[EXERCISE GOAL]:
All of the lines below are to be transcribed faithfully, with pictures excluded from the copy.

[DATA TO PROCESS]:
"""

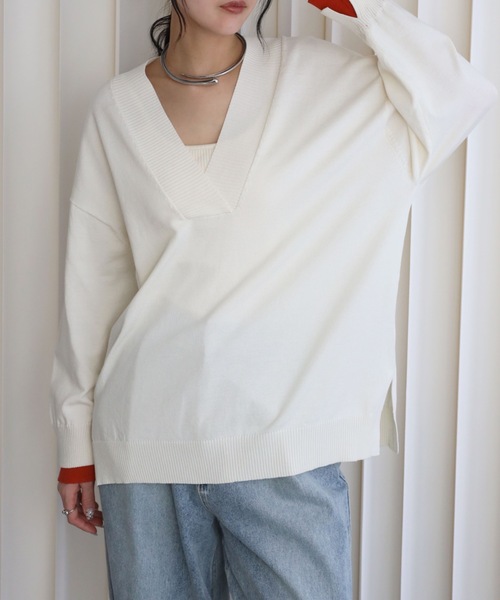 YENNA（イェンナ）の「【ディープVネック 配色レイヤードスリーブルーズニット】深Vネックニット/バイカラースリーブ（ニット/セーター・レディース・ブラウン/ネイビー/アイボリー・FREE）」の5枚目の写真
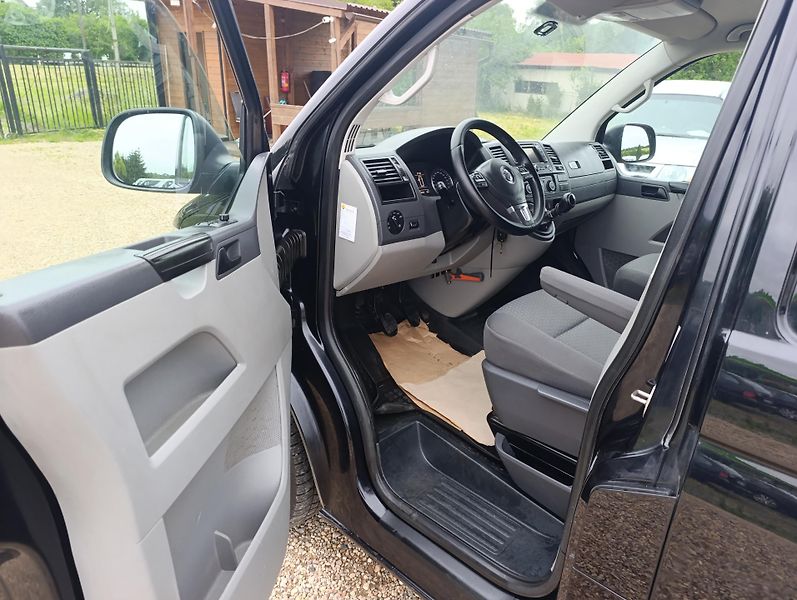 Volkswagen Transporter (2014) 2.0 TDi 103kw rozvody DPH - fotka 13 z 19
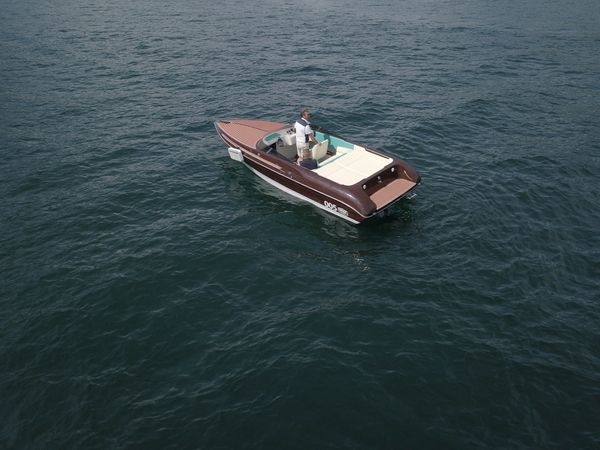 Mostes 24.5 | Elegance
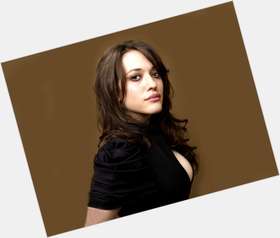 Kat Dennings Voluptuous body,  dark brown hair & hairstyles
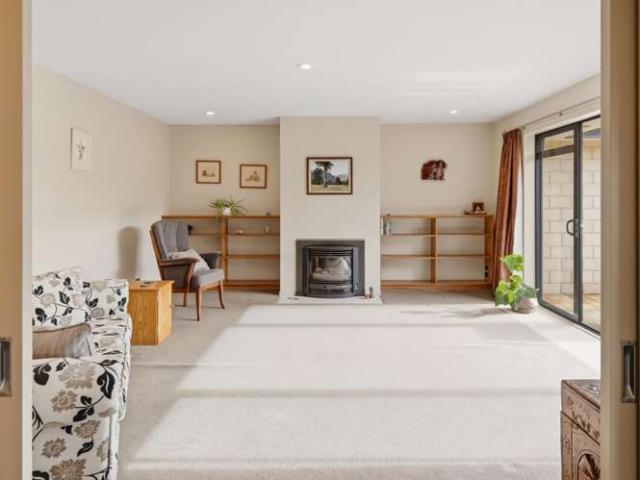 22 Fulton Street, Springlands, Marlborough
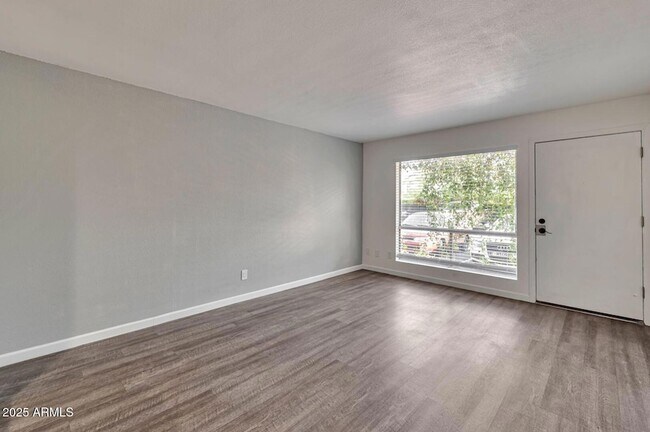 Building Photo - 4231 N 13th Pl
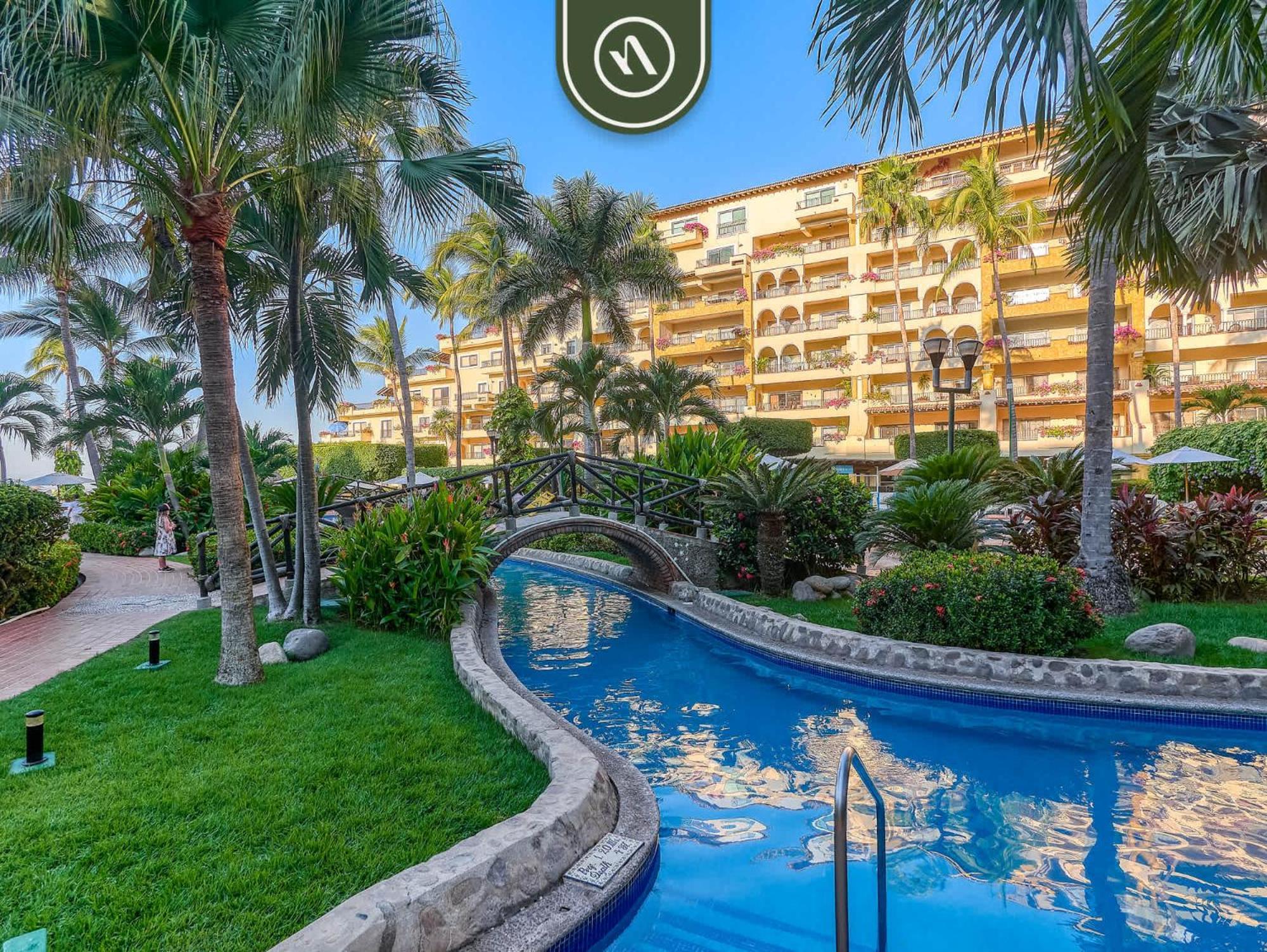Apartment Beachfront 3 Bedroom With Pools - Beachclub Puerto Vallarta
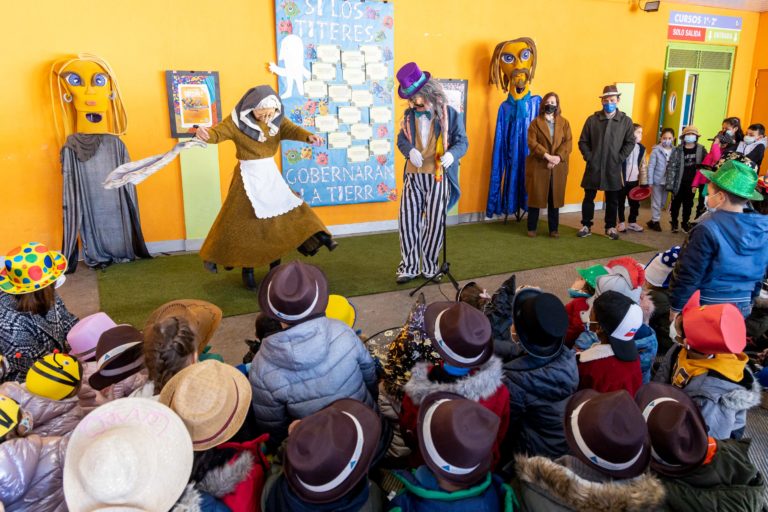 El Conde de Salchichón y Doña Cuaresma animan a participar y disfrutar del regreso del Carnaval a las calles de Zaragoza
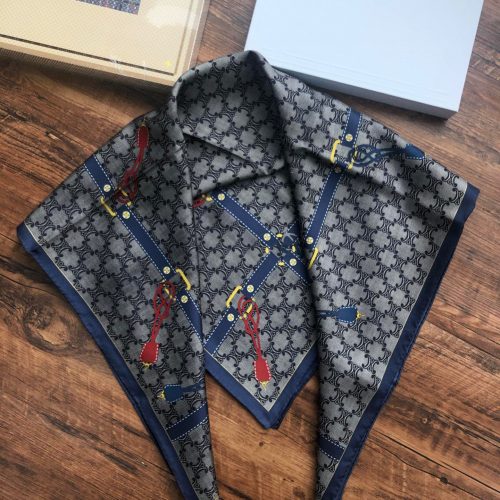 CE scarf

"""

[SOLUTION BELOW]:
 YENNA（イェンナ）の「【ディープVネック 配色レイヤードスリーブルーズニット】深Vネックニット/バイカラースリーブ（ニット/セーター・レディース・ブラウン/ネイビー/アイボリー・FREE）」の5枚目の写真
 Volkswagen Transporter (2014) 2.0 TDi 103kw rozvody DPH - fotka 13 z 19
 Mostes 24.5 | Elegance
 Kat Dennings Voluptuous body,  dark brown hair & hairstyles
 22 Fulton Street, Springlands, Marlborough
 Building Photo - 4231 N 13th Pl
Apartment Beachfront 3 Bedroom With Pools - Beachclub Puerto Vallarta
 El Conde de Salchichón y Doña Cuaresma animan a participar y disfrutar del regreso del Carnaval a las calles de Zaragoza
 CE scarf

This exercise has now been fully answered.